I suppose what I could have done is started off with no tax cuts, knowing that I was going to want some and then let them take credit for all of them. And maybe that’s the lesson I learned.
Damn. I really feel safe and hopeful with a doofus like this in the Oval Office. Okay, so Obama is inexperienced in politics, but he has a slew of advisors who not only are more experienced, they're supposedly of the slash-and-burn, take-no-prisoners variety. (And there's also the question, again, of why he wanted any tax cuts at all, since he knows they're not a remedy for the mess we're in. My not-so-ambivalent Obama-supporter friend reminds me that he campaigned on promises of middle-class tax cuts, and might as well keep one promise. Maybe so, but 1] as 40% of his economic plan, thereby undermining it? and b] he campaigned on those promises before the economy went belly-up, and might just gain credibility by explaining honestly that the situation has changed and other approaches are needed now.)

Obama went on rip Republicans who now lecture about the need for fiscal responsibility. “It’s a little hard for me to take criticism from folks about this recovery package after they presided over a doubling of the national debt,” he said. “I’m not sure they have a lot of credibility when it comes to fiscal responsibility.”
I'm not sure Obama has a lot of credibility either. In fact, given his support for the original Bush-Paulson-Obama-McCain-Frank bailout, he doesn't have any, and he should think about getting some. Don't you think?

Years ago I wondered whether joining the political Right leads to a drop in intelligence, or only the unintelligent would join in the first place. I suspect it's some of both. But now I'm beginning to wonder whether similar factors are involved in joining the Center-Right. Back in 1993 I watched then-President Bill Clinton's move to lift the ban on gays in the US military collapse in disarray before a tidal wave of homophobia. I couldn't hold Clinton himself particularly responsible for his team's failure to anticipate the opposition the move would encounter; rather I blame his much-touted gay and lesbian advisors, who should have known what to expect and helped him work out strategy. But it seems that they were as ignorant as their President, which translates as stupid: stupidity is when you know better, and have every reason to know better, but ignore what you know, probably because you're in power now and think that every knee will bend and every mouth confess your glory.

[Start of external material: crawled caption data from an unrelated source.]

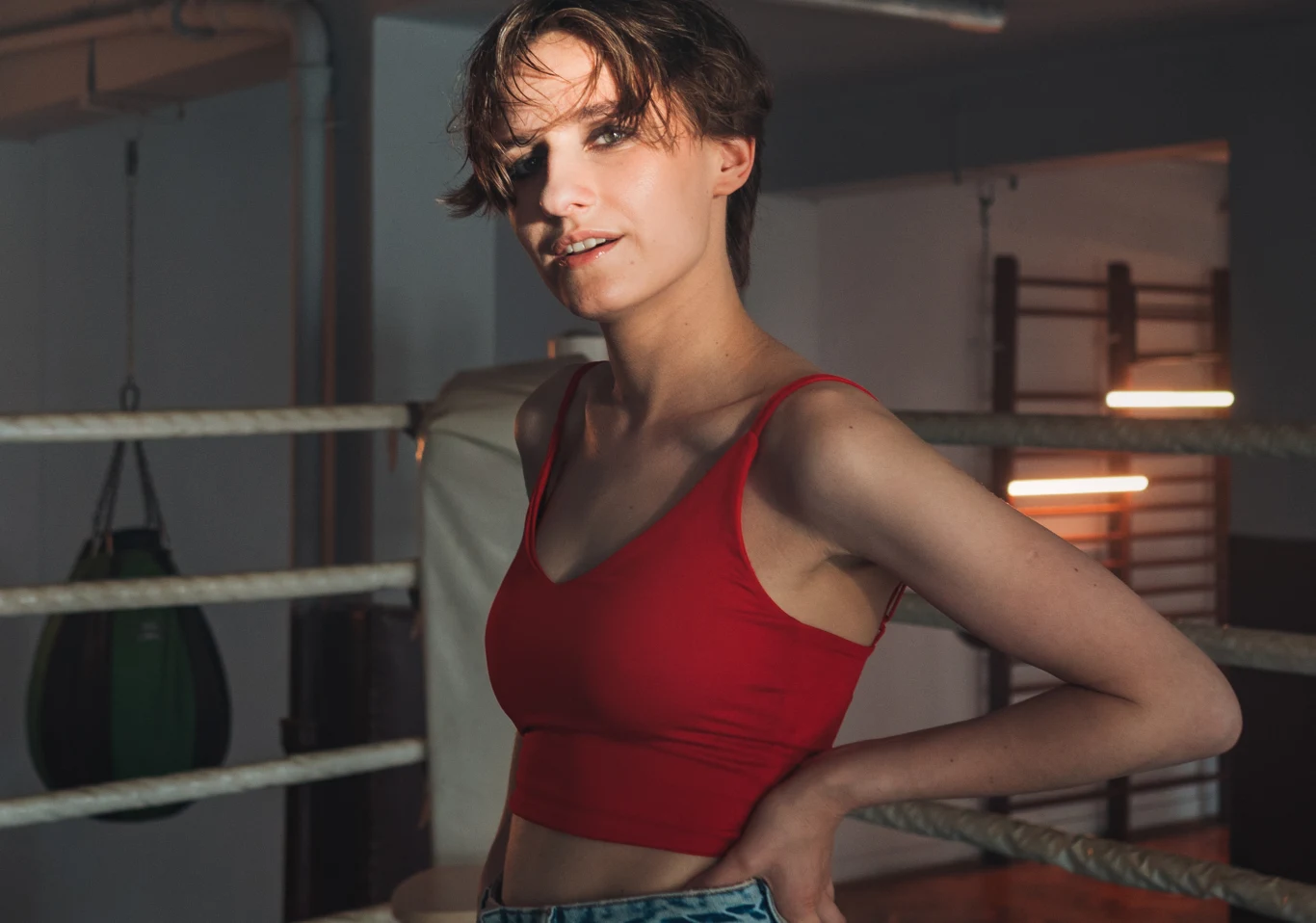 Asia Nawojska wystąpi podczas NEXT FEST Music Showcase & Conference Asia Nawojska wystąpi podczas NEXT FEST Music Showcase & Conference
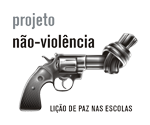 Projeto Não-Violência - Lição de Paz nas Escolas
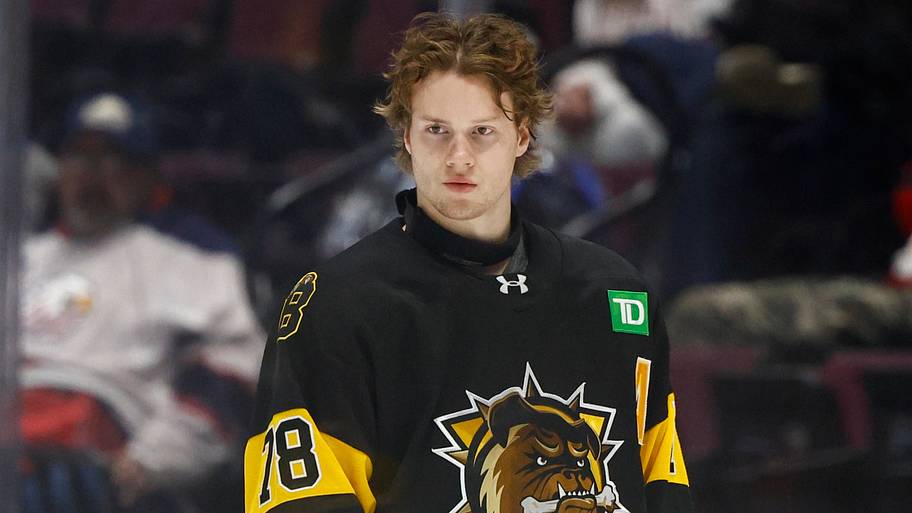 Marek Vanacker can show his big power forward potential in first pro season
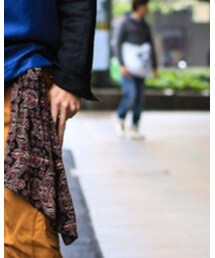 Engineered Garments | バンダナ/スカーフ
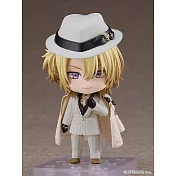 【Good Smile】GSC 黏土人 彩虹社 EN Luca Kaneshiro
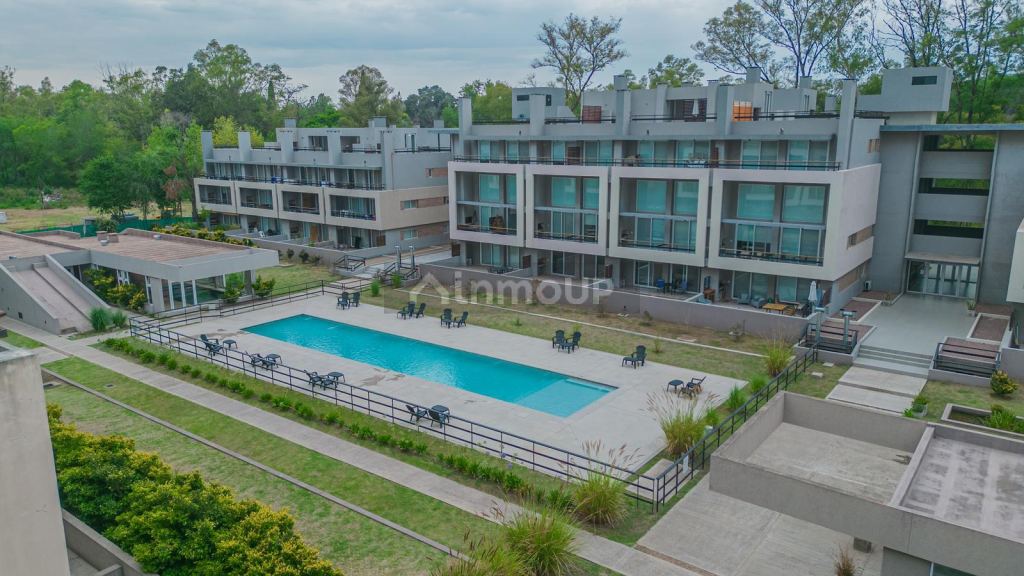 Departamento en Alquiler en Pilar, G.B.A. Zona Norte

I just finished reading Obama's first book, Dreams from My Father, and was surprised at how good it was. I noticed, though, that in the introduction to the 2004 reprint edition I was reading, his style had slackened, become vaguer and more pompous. I'd decided to read it in the first place because I'd seen some quotations that indicated that Obama had once been smarter about American history and politics, about race, about class, than he has shown himself to be since he began running for the Presidency. And it turned out to be true: when he wrote Dreams from My Father he knew full well that racism is endemic in America, and he'd seen enough of machine politics in Chicago to understand how structural racism and classism work. He seems to have forgotten all that in the past decade. He'd better start remembering, not just for his own sake (unless he wants to be remembered as another Jimmy Carter, a blip on the historical radar before the Republicans come roaring back), but for the sake of the people he's sworn to serve.